- **WHAT YOU ARE ASKED TO DO**: Make an exact copy of each entry, leaving out every picture.

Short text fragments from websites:
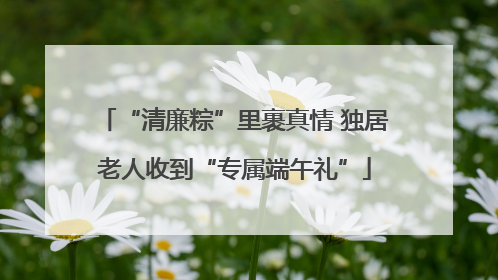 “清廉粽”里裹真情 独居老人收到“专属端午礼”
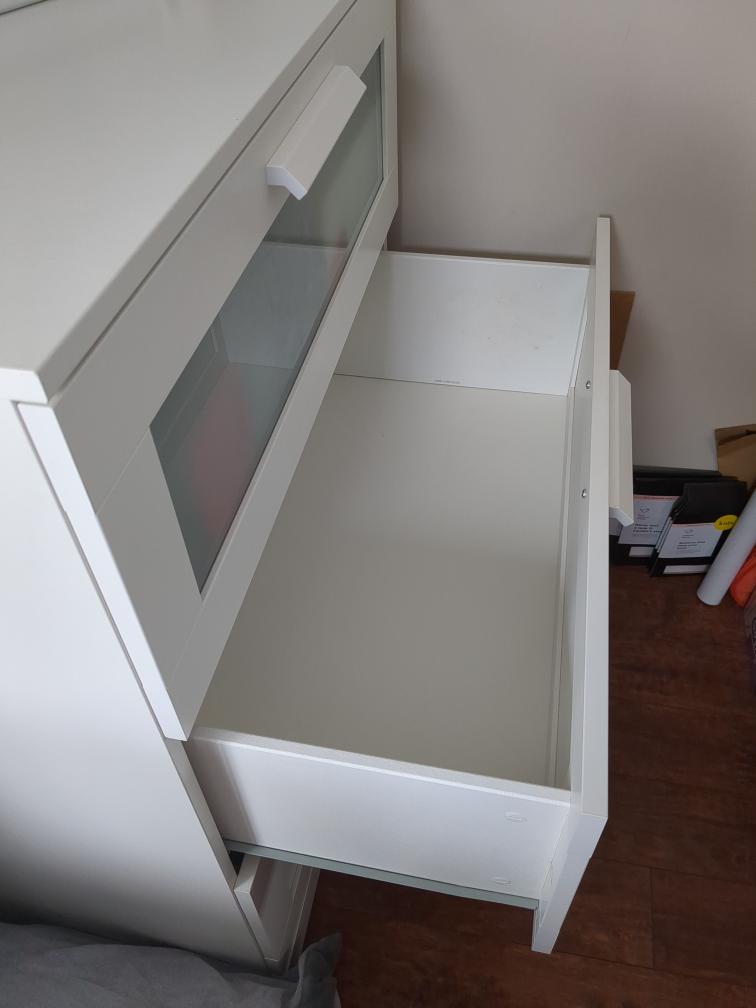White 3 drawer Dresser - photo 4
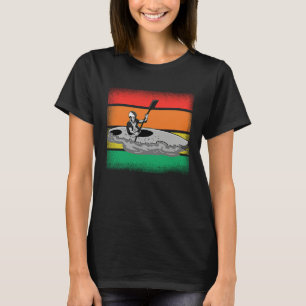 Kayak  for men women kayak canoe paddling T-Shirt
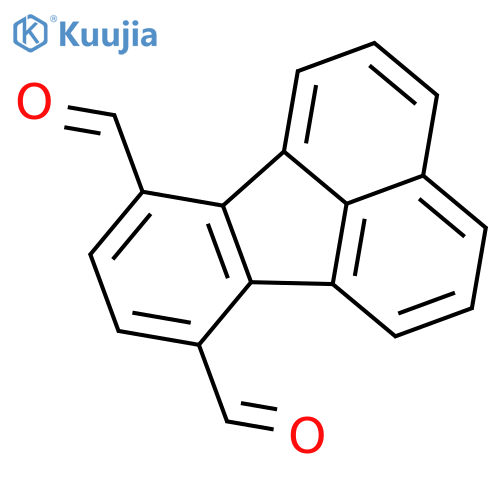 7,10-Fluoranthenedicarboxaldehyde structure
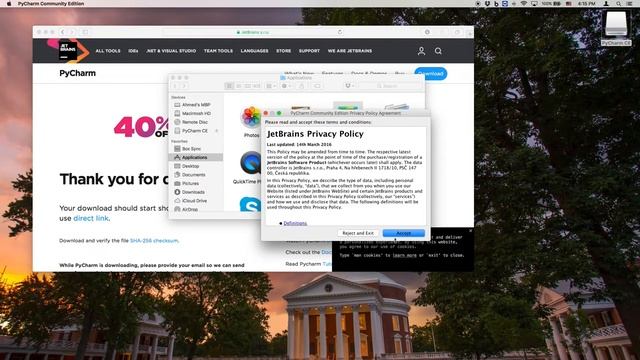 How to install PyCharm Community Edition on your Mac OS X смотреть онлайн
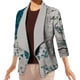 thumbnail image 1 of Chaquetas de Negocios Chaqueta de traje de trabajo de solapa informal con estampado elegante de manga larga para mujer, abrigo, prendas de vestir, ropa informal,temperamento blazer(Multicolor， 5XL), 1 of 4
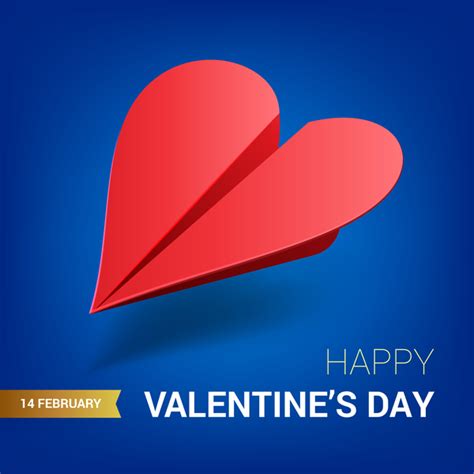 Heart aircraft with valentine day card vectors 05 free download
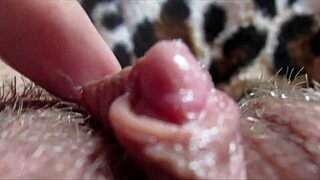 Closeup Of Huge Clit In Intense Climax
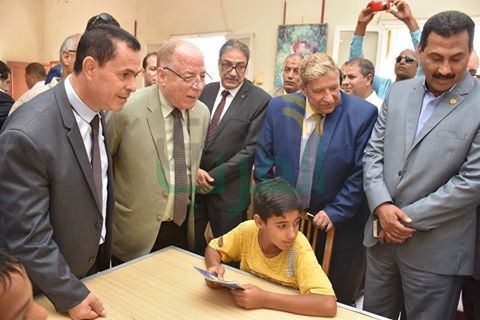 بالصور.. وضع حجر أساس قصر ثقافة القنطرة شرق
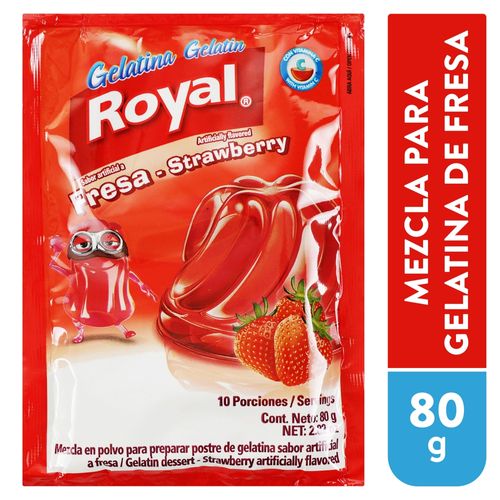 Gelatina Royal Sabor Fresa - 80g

- **SOLUTION TO THE EXERCISE**:
 “清廉粽”里裹真情 独居老人收到“专属端午礼”
White 3 drawer Dresser - photo 4
 Kayak  for men women kayak canoe paddling T-Shirt
 7,10-Fluoranthenedicarboxaldehyde structure
 How to install PyCharm Community Edition on your Mac OS X смотреть онлайн
 thumbnail image 1 of Chaquetas de Negocios Chaqueta de traje de trabajo de solapa informal con estampado elegante de manga larga para mujer, abrigo, prendas de vestir, ropa informal,temperamento blazer(Multicolor， 5XL), 1 of 4
 Heart aircraft with valentine day card vectors 05 free download
 Closeup Of Huge Clit In Intense Climax
 بالصور.. وضع حجر أساس قصر ثقافة القنطرة شرق
 Gelatina Royal Sabor Fresa - 80g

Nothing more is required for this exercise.